Au cours des dernières années, de nombreuses nominations en haut lieu — dont 150 juges choisis par Donald Trump — ont favorisé une montée ultraconservatrice chez nos voisins du Sud, estime Chloë Cooney, de l’organisme Planned Parenthood Global. « Dès son arrivée en poste, Trump a versé une douche froide sur les droits sexuels et reproductifs des femmes, aux États-Unis comme ailleurs dans le monde. »

Le président américain a en effet imposé ses vues outre-frontières. Dès son investiture en janvier 2017, il a fait adopter un décret interdisant toute aide financière aux organismes à l’étranger qui pratiquent des avortements ou en font la promotion — ne serait-ce qu’en distribuant de l’information à ce sujet! Depuis, les organisations dans les pays en développement qui travaillent pour les femmes souffrent d’un manque de financement.

« La souveraineté des nations a été mise en péril… Cela me rappelle la période coloniale [au cours de laquelle les États africains étaient soumis aux politiques des colonisateurs comme la France et la Grande-Bretagne]. Il s’agit d’un réel problème diplomatique », a précisé l’avocat Mulumba Moses, directeur du Center for Health, Human Rights and Development en Ouganda, qui œuvre pour un meilleur accès aux soins de santé.

À la conférence de Women Deliver, à Vancouver, le sujet des IVG était sur toutes les lèvres. Plusieurs participantes l’ont abordé, dont l’avocate américaine Tina Tchen, ex-chef de cabinet de Michelle Obama et instigatrice du fonds Time’s Up, qui aide les victimes de harcèlement sexuel en milieu de travail à obtenir les services d’un avocat. « On est à la croisée des chemins. On ne peut pas rester inactif. Depuis l’arrivée de Trump, on est passé d’un pays pro-choix à un pays pro-vie! » s’est-elle indignée.

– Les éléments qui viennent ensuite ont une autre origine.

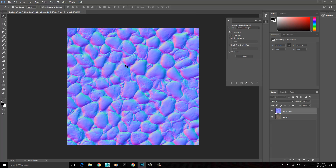With that being said, that's a nice, quick, easy way to generate a normal map for use within your game engine. I'd like to thank you for watching. If you'd like to see more Photoshop tutorials like this, please let me know in the comments below. Thank you for watching and bye bye for now.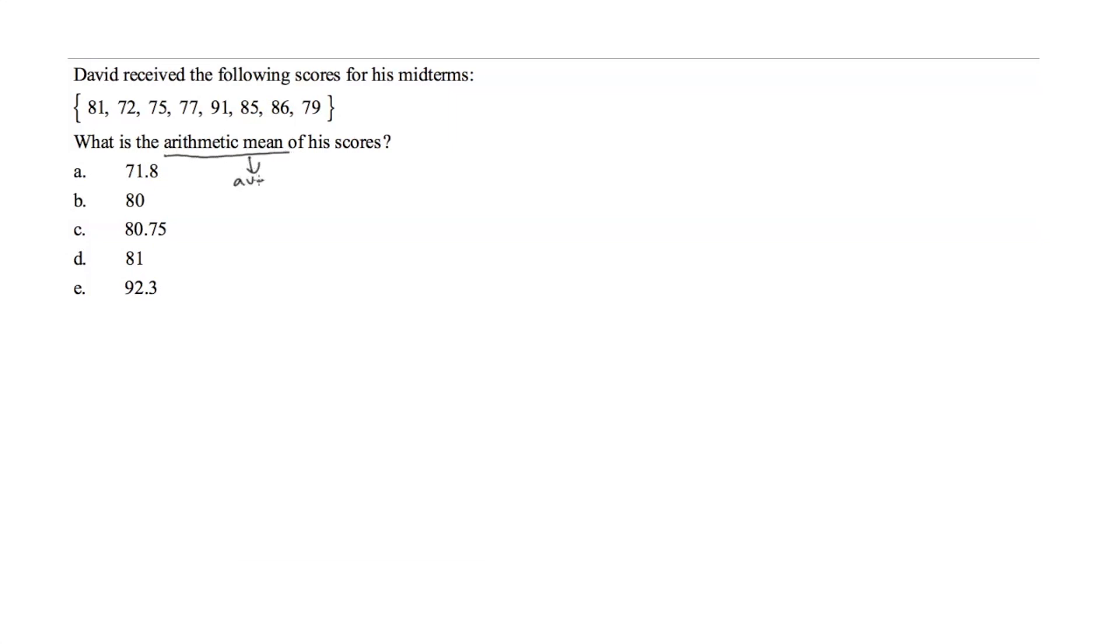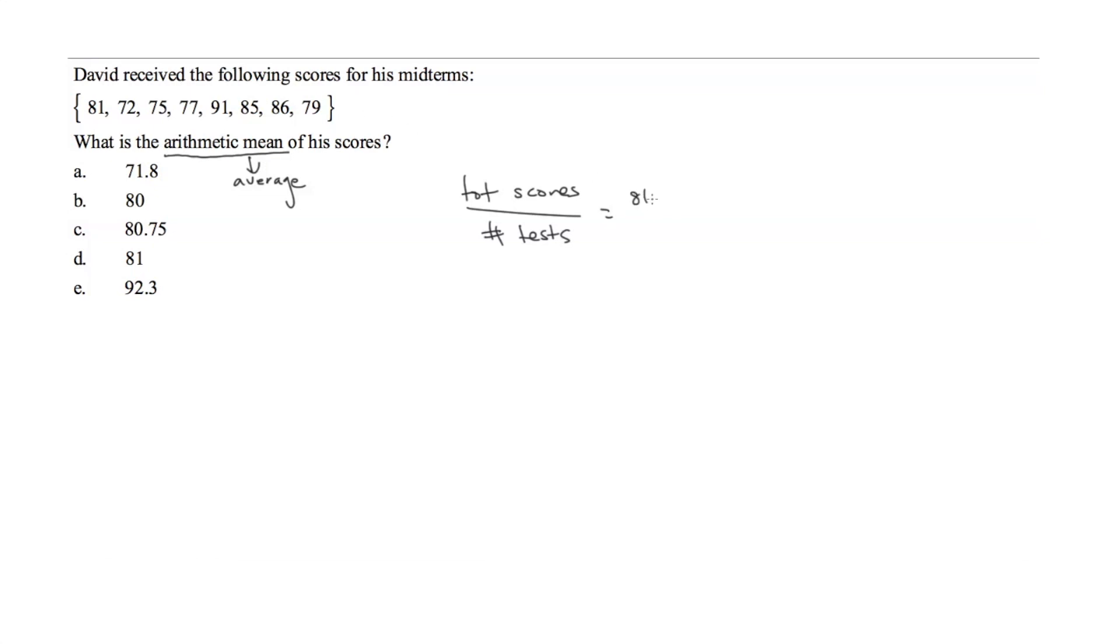The arithmetic mean is just another word for average, so we need to figure out the total of all scores and divide that by the number of tests. The total score would be 81 plus 72 plus 75 plus 77 plus 91 plus 85 plus 86 plus 79.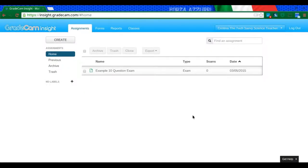Hi everybody, Christina the Tech Savvy Science Teacher here, and I'm going to walk you through the steps of uploading your class to GradeCam.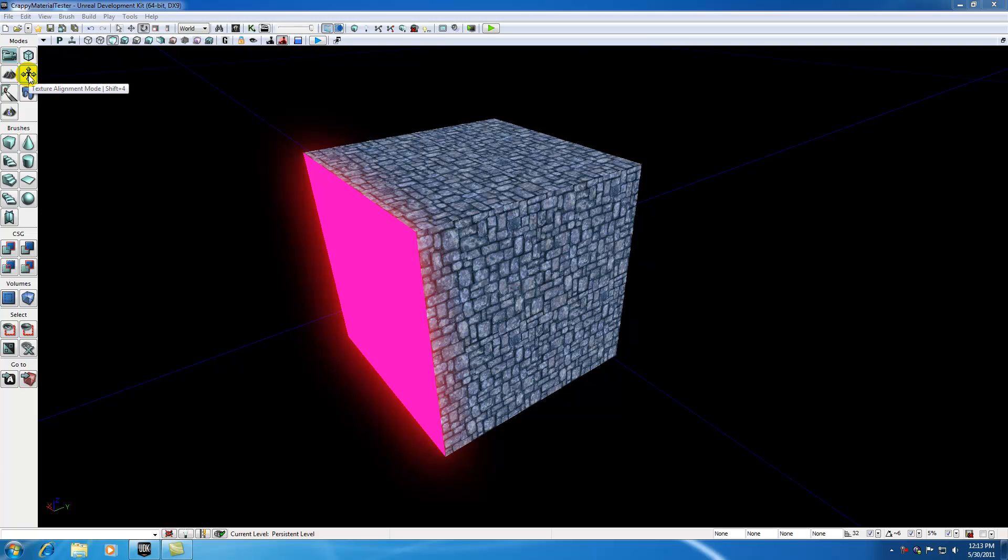And that's this. This little T with the up, down, left, right arrow is the texture align mode.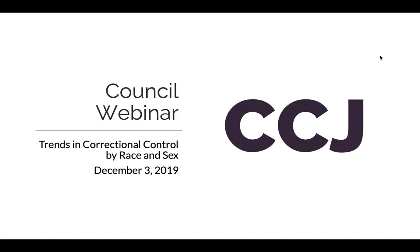Hello. Welcome to today's webinar. I am Abby Walsh, the Director of the Council on Criminal Justice, and I'll be facilitating today's session.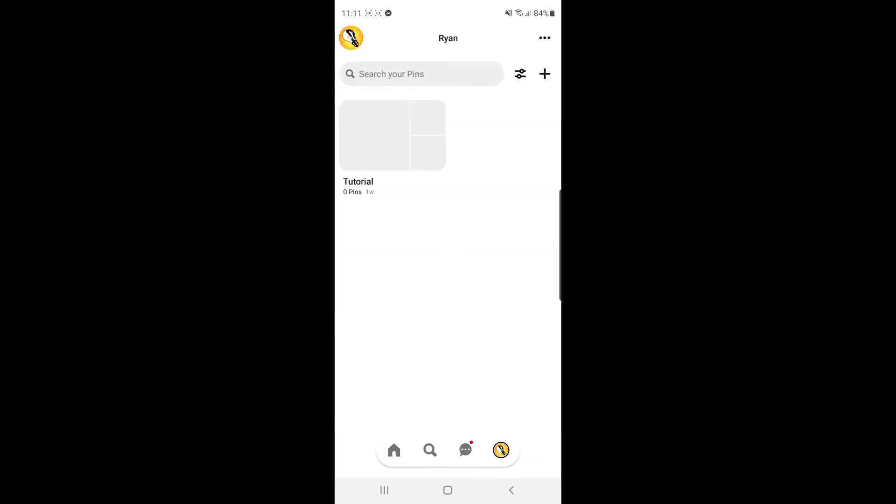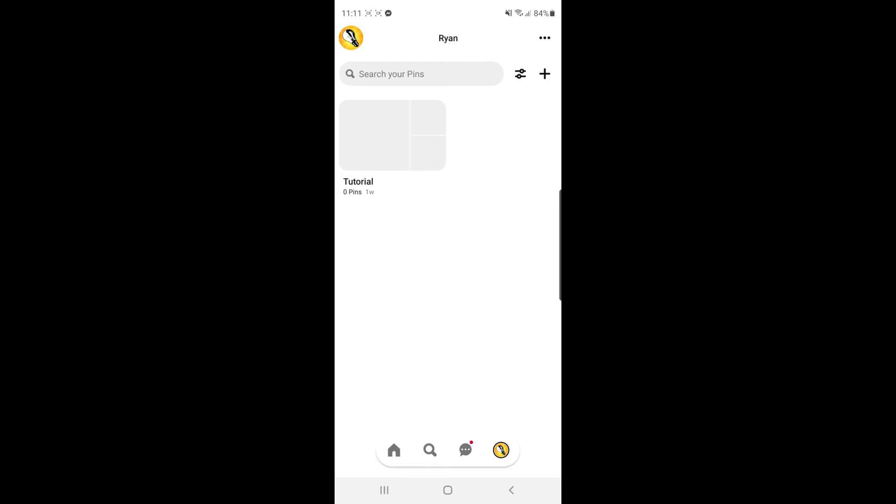Once you click on your profile picture you can then come to the top right hand side of the screen and click on the three dots.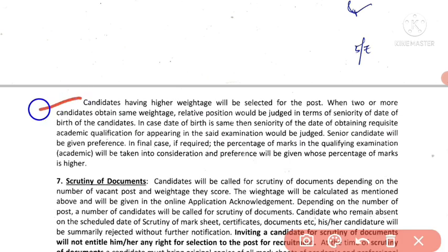The candidates having higher OITES will be selected for the post. However, if two or more candidates obtain the same OITES, a tiebreaker applies.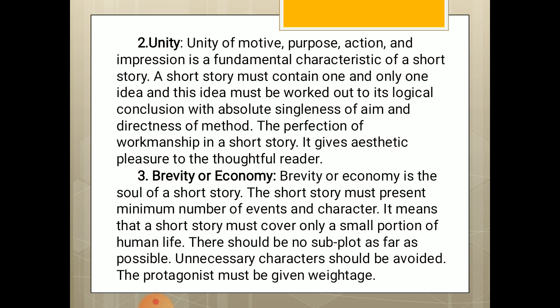Third characteristic: Brevity or Economy. Brevity or Economy is the soul of a short story. The short story must present a minimum number of events and characters. It means that a short story must cover only a small portion of human life. There should be no subplot as far as possible. Unnecessary characters should be avoided. The protagonist must be given weightage.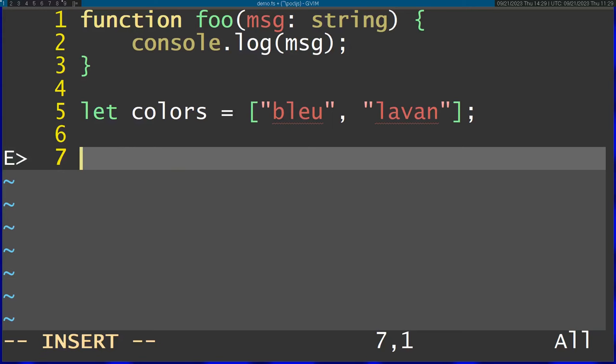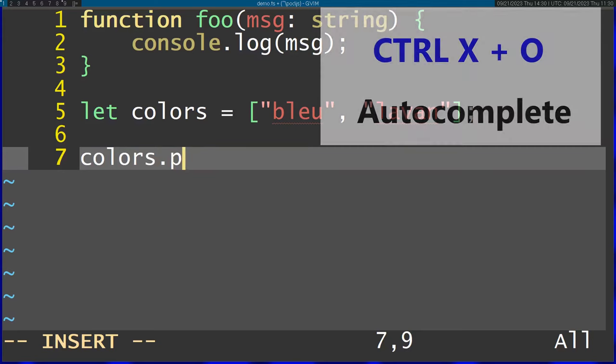Now let's take a look at autocomplete. So for example, I'm going to type in the array here, and I'm going to add something into this array. I'm going to just press Ctrl X and then O, which will open up the autocomplete.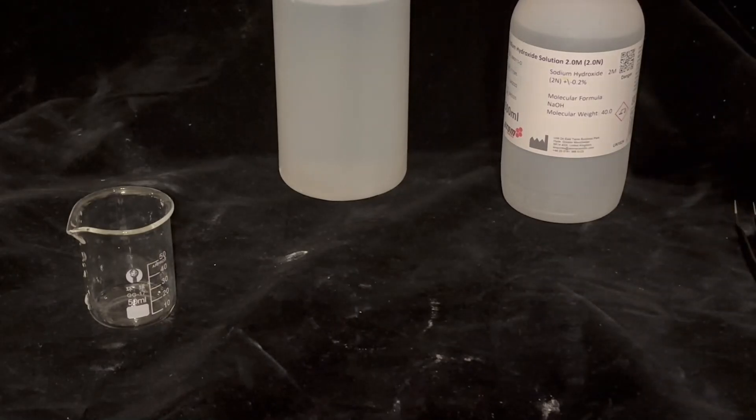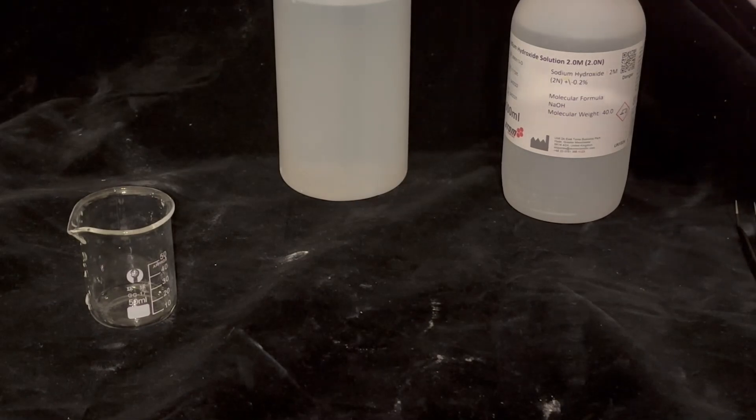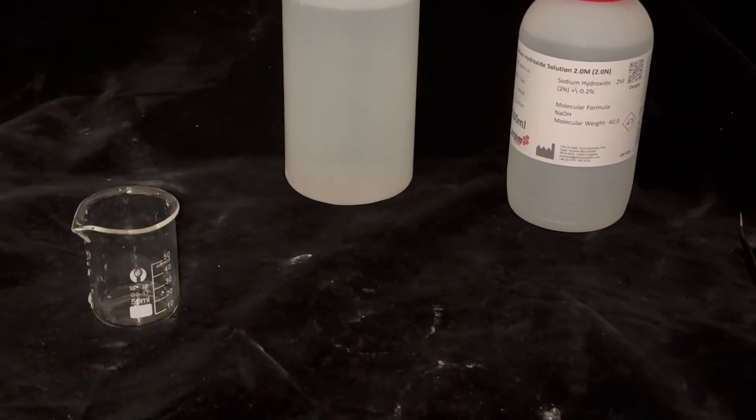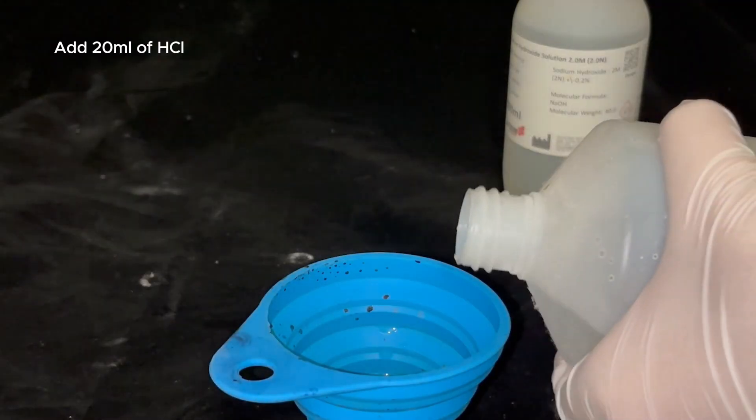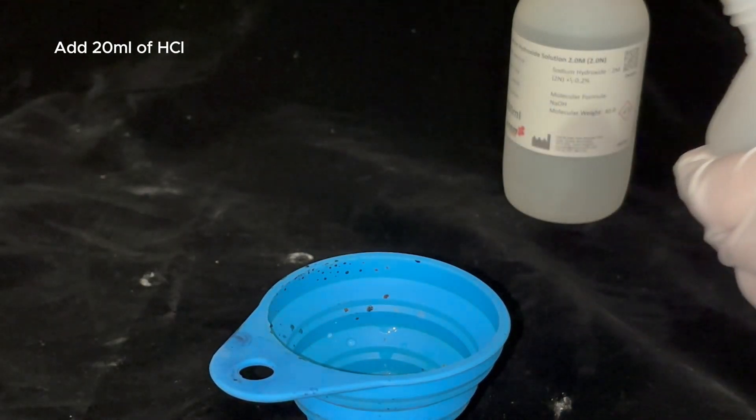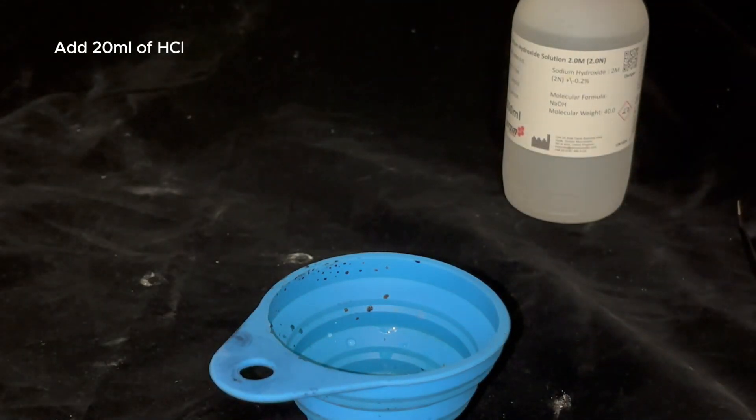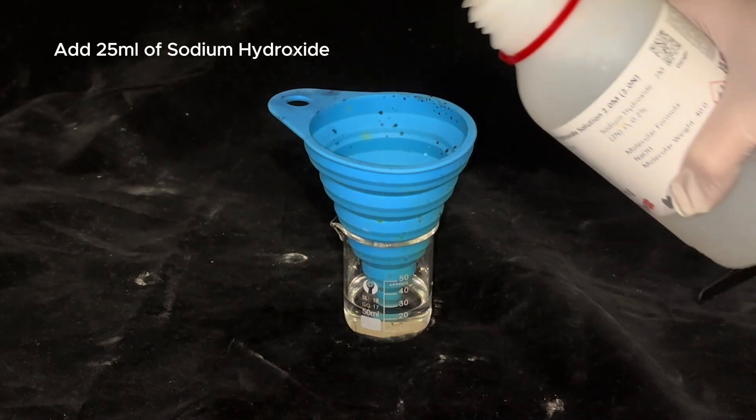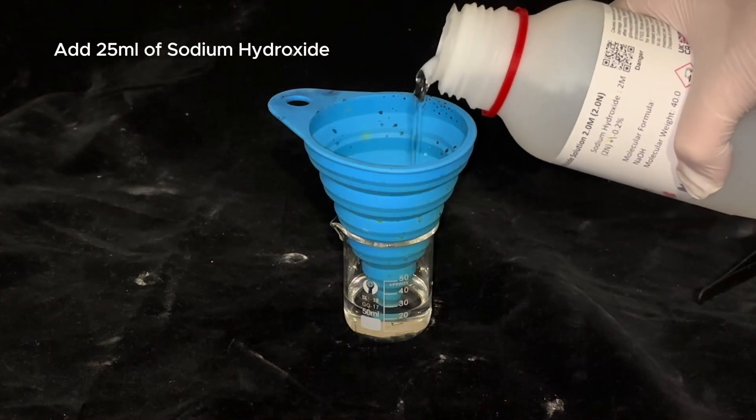I started by gathering what I needed to do this experiment. First I added 20ml of hydrochloric acid into a beaker and then 25ml of sodium hydroxide.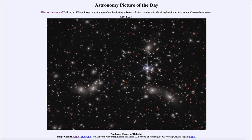Greetings and welcome to the introduction to astronomy. One of the things that I like to do in each of my introductory astronomy classes is to begin the class with the Astronomy Picture of the Day from the NASA website, that is apod.nasa.gov/apod.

Tout porte donc à croire que les droits sexuels et reproductifs reculeront au cours des prochaines années. C’est déjà le cas en Amérique latine, notamment. « On a fait des progrès par le passé. Mais ils sont compromis par les actions de Donald Trump, qui alimentent la controverse », a avancé la Mexicaine Carla Aguirre, de Planned Parenthood Global. Des églises — catholiques et évangéliques — travaillent main dans la main avec des groupes antiavortement et utilisent les mêmes tactiques d’intimidation et de dénigrement contre les femmes et les LGBTQ que dans les États américains. De fausses nouvelles à propos des IVG circulent, notamment au Pérou, au Chili, en Argentine…

L’Asie n’est pas en reste. Là aussi, les femmes peinent à accéder aux IVG. Inna Hudaya vit en Indonésie, un géant de l’Asie du Sud-Est avec ses 265 millions d’habitants, où l’avortement est permis seulement si la vie de la future mère est en danger. Elle n’a pas attendu l’assouplissement des lois de son pays pour agir. « Il y a 14 ans, j’étais à la recherche d’une solution pour mon propre avortement », a-t-elle confié. Elle s’est renseignée et a décidé de le pratiquer elle-même. « Depuis, je milite pour l’autoavortement! On doit remettre le pouvoir entre les mains des femmes. C’est une question d’autonomie et de pouvoir par rapport à son corps », a laissé tomber la directrice et cofondatrice de Samsara, un blogue devenu, en 2008, un service d’information sur l’avortement sécuritaire et les droits sexuels et reproductifs.

D’après elle, 90 % des IVG maison se déroulent bien. C’est aussi la façon ultime de mettre fin à l’opprobre social et à la criminalisation de cet acte qui ne regarde que les femmes, selon elle.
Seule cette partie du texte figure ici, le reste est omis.